### PROVIDED RECORDS:

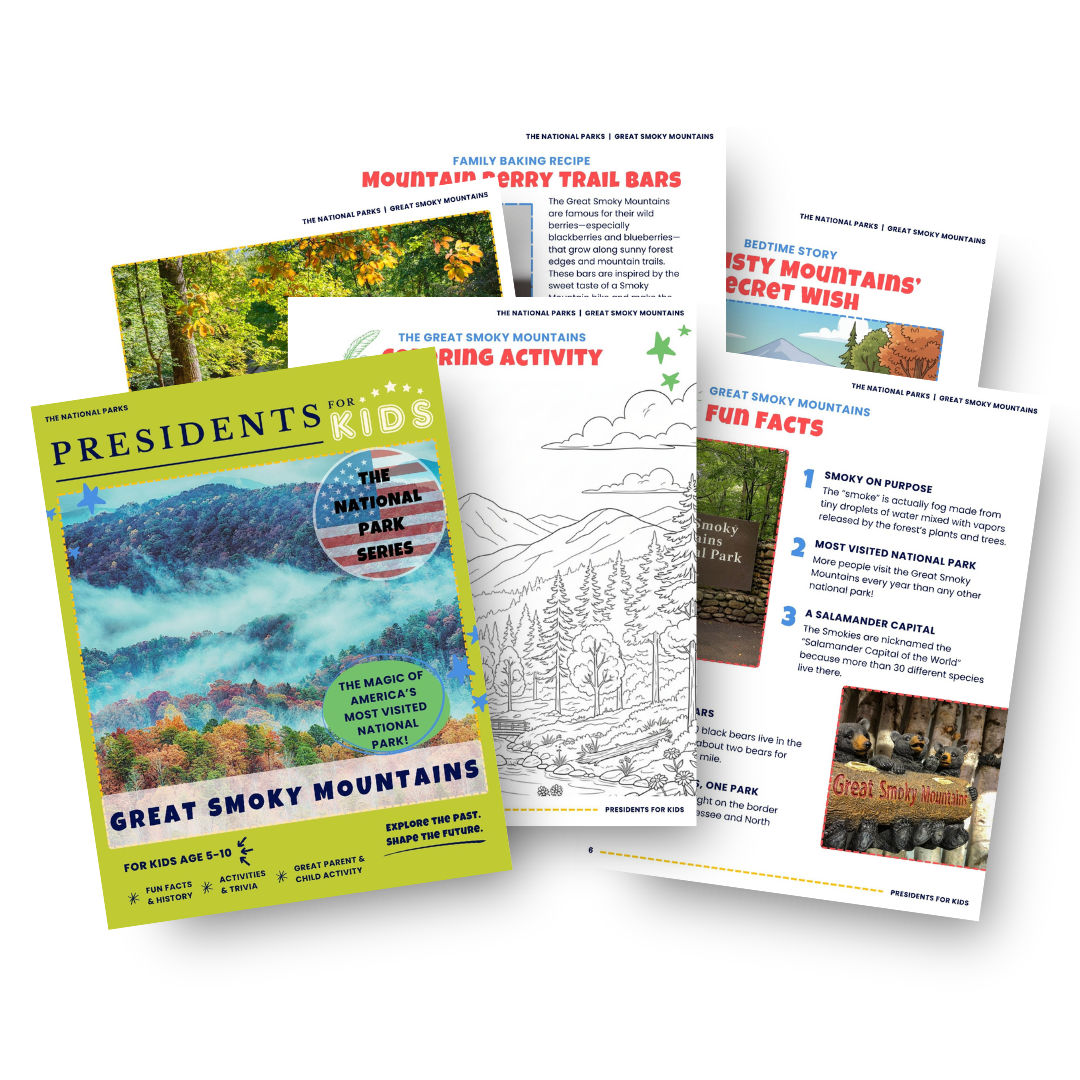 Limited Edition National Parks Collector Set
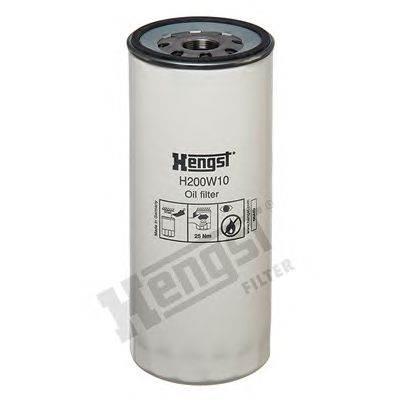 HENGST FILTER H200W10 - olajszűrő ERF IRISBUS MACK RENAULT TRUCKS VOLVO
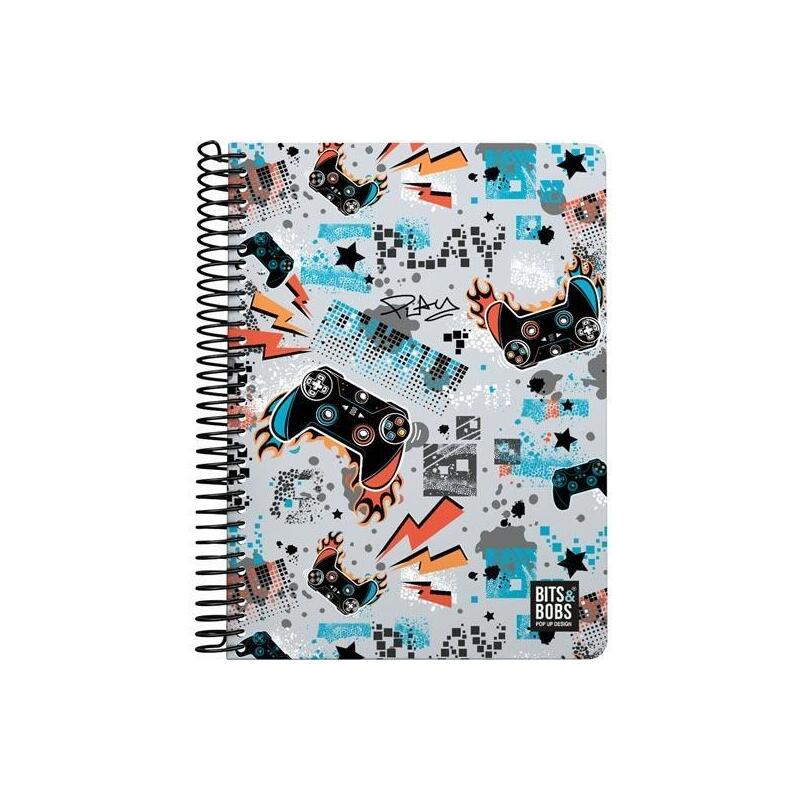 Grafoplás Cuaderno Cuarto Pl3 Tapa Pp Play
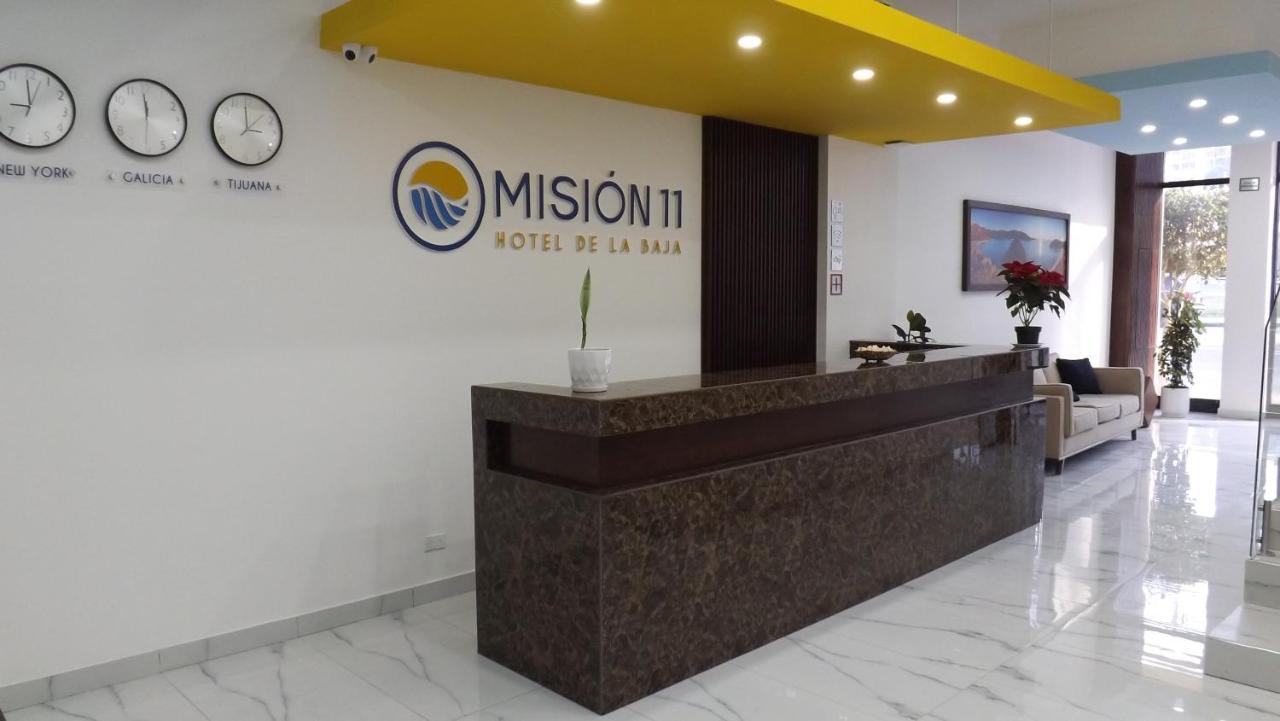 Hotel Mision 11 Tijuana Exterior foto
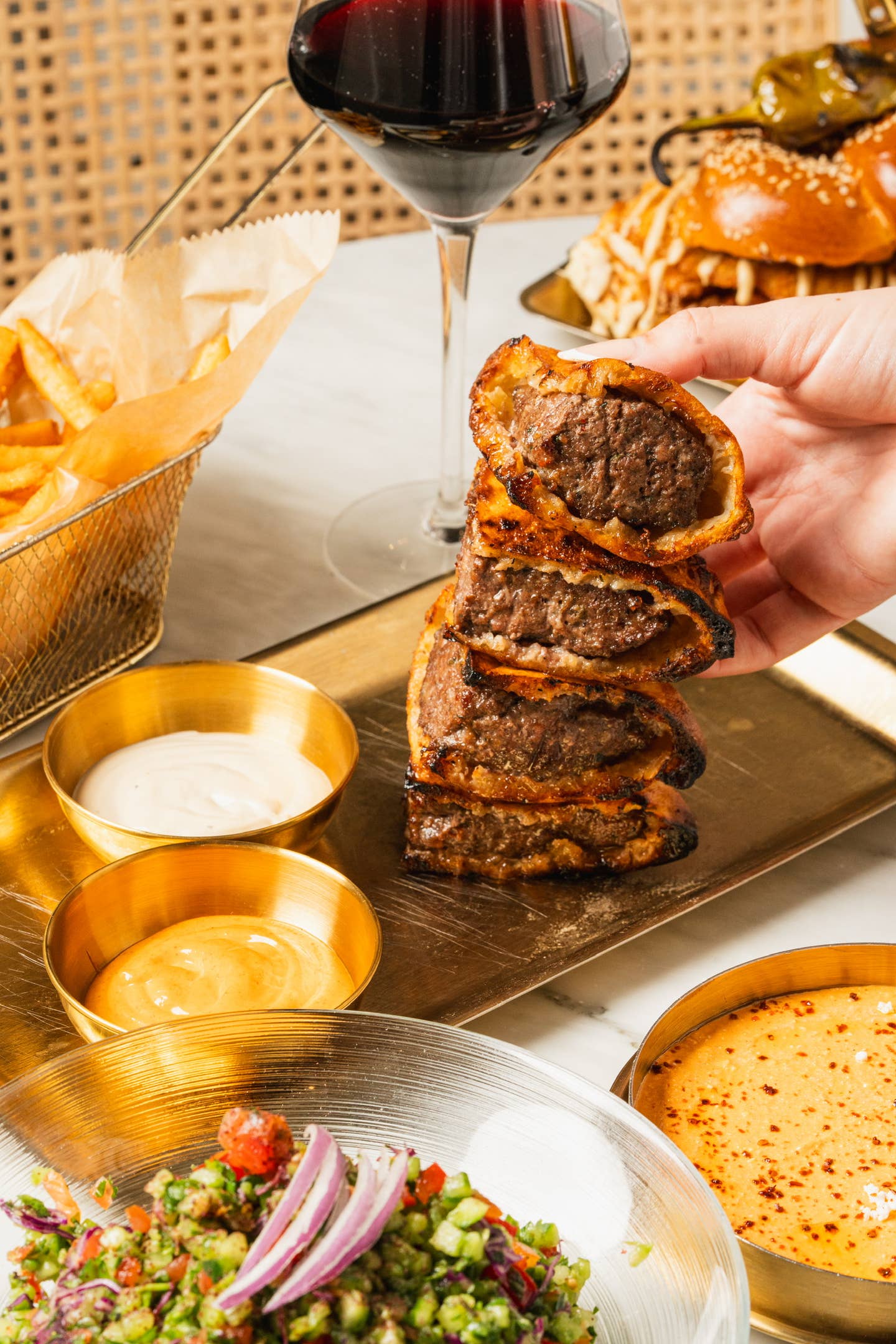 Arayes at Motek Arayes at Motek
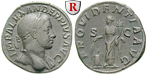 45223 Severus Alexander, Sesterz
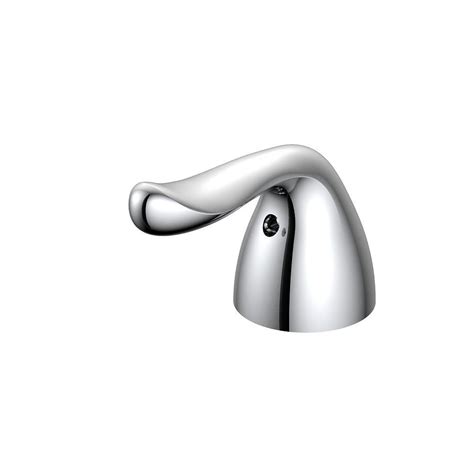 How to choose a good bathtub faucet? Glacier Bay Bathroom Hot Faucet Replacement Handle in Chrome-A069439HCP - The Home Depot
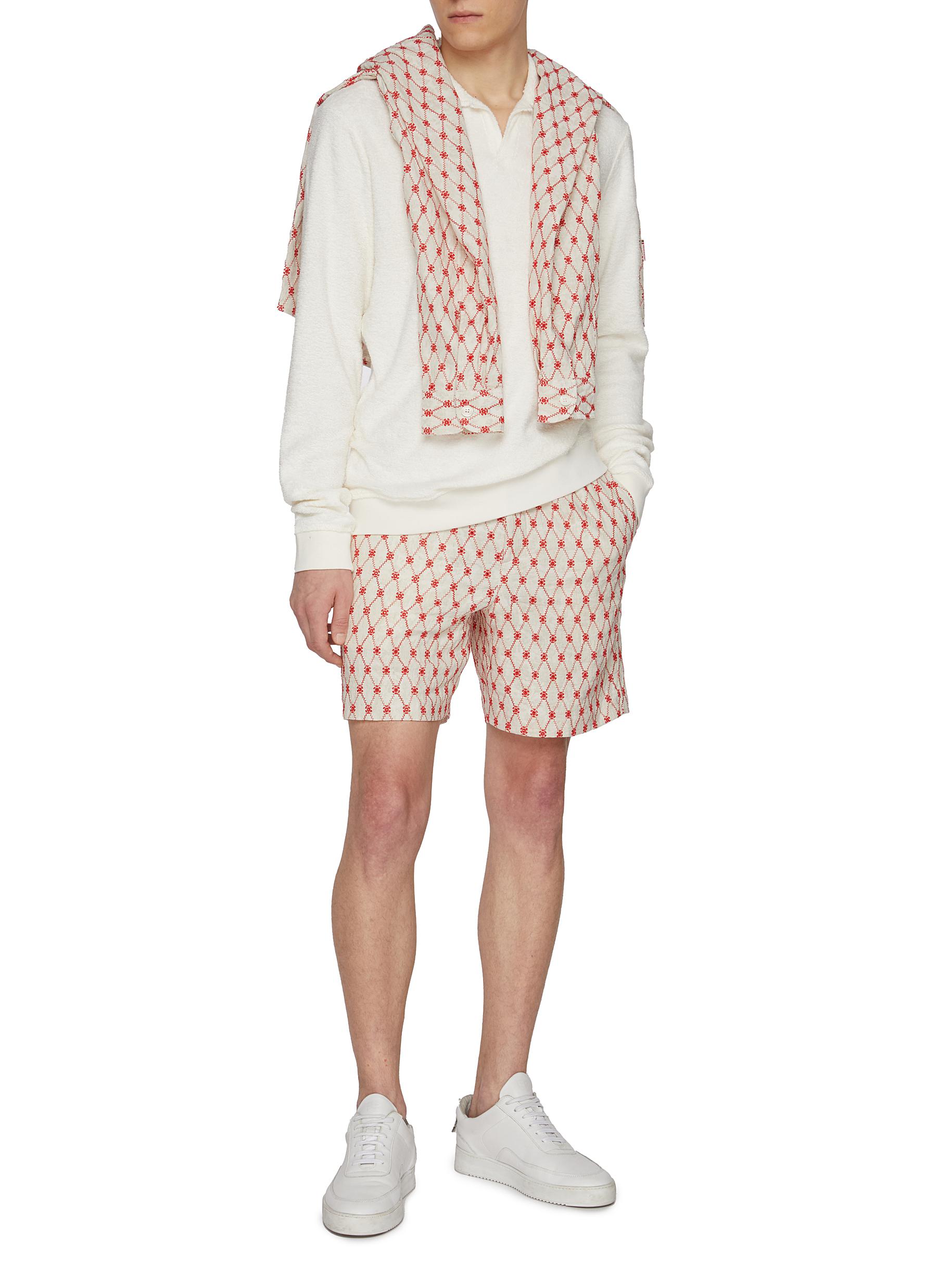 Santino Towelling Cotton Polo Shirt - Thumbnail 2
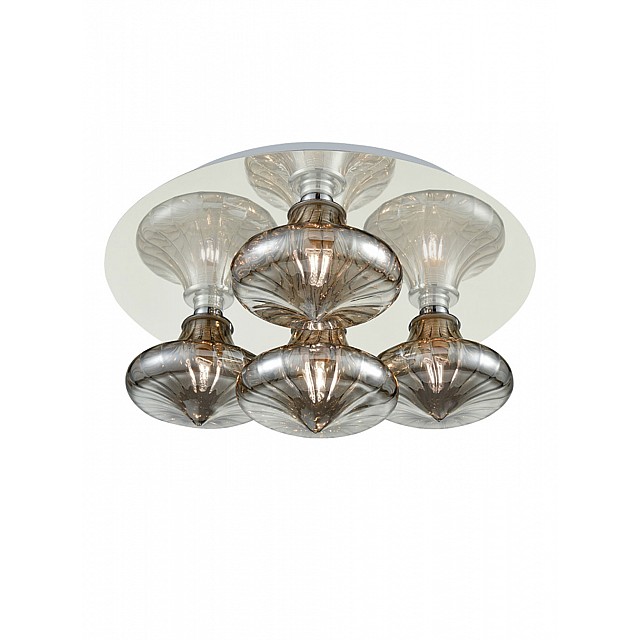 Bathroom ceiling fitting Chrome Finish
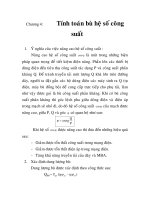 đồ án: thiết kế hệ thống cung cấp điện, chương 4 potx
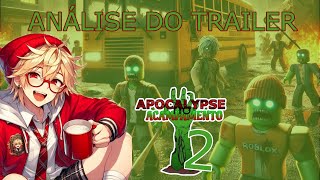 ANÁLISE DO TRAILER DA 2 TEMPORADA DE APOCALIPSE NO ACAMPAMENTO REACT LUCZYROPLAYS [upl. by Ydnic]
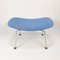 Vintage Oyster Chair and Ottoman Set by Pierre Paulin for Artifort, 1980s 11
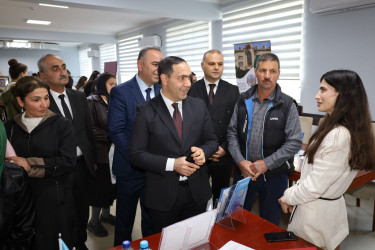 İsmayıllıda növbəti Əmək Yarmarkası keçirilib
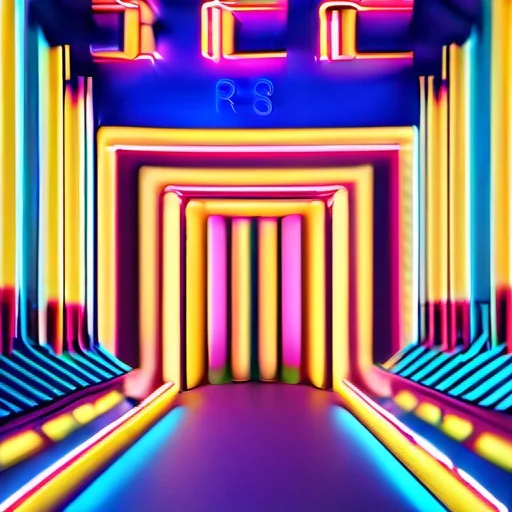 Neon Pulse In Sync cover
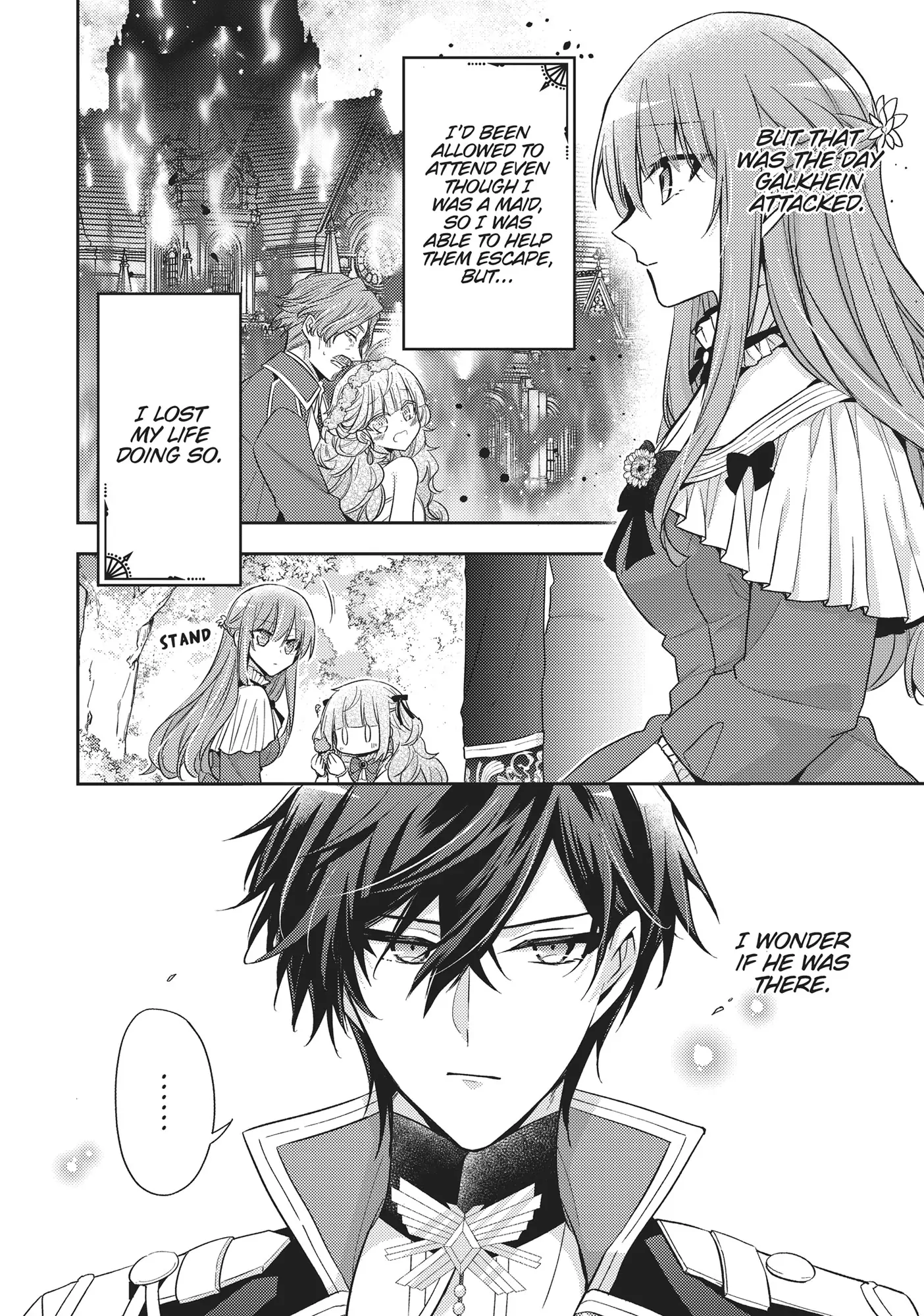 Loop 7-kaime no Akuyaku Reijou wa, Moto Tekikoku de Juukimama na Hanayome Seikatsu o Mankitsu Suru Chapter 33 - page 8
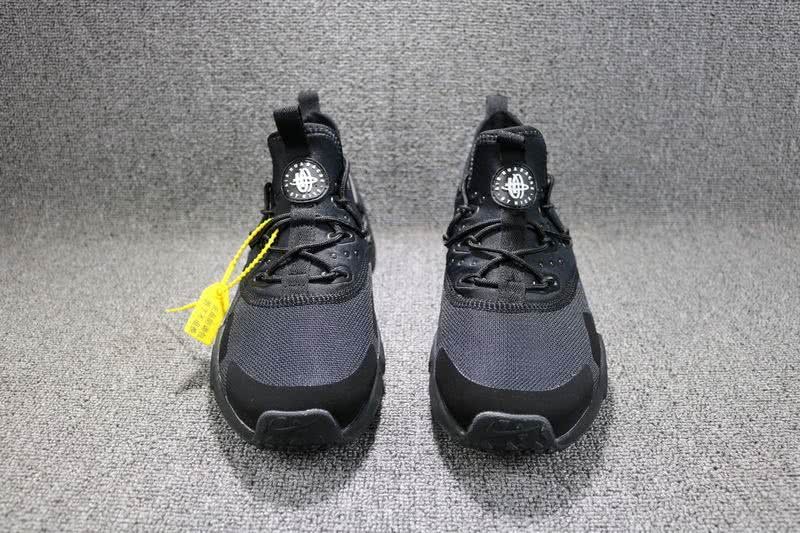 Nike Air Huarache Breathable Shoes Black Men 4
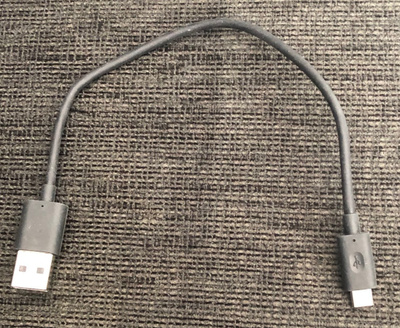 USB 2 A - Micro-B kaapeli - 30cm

### WORK TO COMPLETE:
Reproduce the material above exactly but drop all images.

### ANSWER TO THE EXERCISE:
 Limited Edition National Parks Collector Set
 HENGST FILTER H200W10 - olajszűrő ERF IRISBUS MACK RENAULT TRUCKS VOLVO
 Grafoplás Cuaderno Cuarto Pl3 Tapa Pp Play
 Hotel Mision 11 Tijuana Exterior foto
 Arayes at Motek Arayes at Motek
 45223 Severus Alexander, Sesterz
 How to choose a good bathtub faucet? Glacier Bay Bathroom Hot Faucet Replacement Handle in Chrome-A069439HCP - The Home Depot
 Santino Towelling Cotton Polo Shirt - Thumbnail 2
 Bathroom ceiling fitting Chrome Finish
 đồ án: thiết kế hệ thống cung cấp điện, chương 4 potx
 ANÁLISE DO TRAILER DA 2 TEMPORADA DE APOCALIPSE NO ACAMPAMENTO REACT LUCZYROPLAYS [upl. by Ydnic]
 Vintage Oyster Chair and Ottoman Set by Pierre Paulin for Artifort, 1980s 11
 İsmayıllıda növbəti Əmək Yarmarkası keçirilib
 Neon Pulse In Sync cover
 Loop 7-kaime no Akuyaku Reijou wa, Moto Tekikoku de Juukimama na Hanayome Seikatsu o Mankitsu Suru Chapter 33 - page 8
 Nike Air Huarache Breathable Shoes Black Men 4
 USB 2 A - Micro-B kaapeli - 30cm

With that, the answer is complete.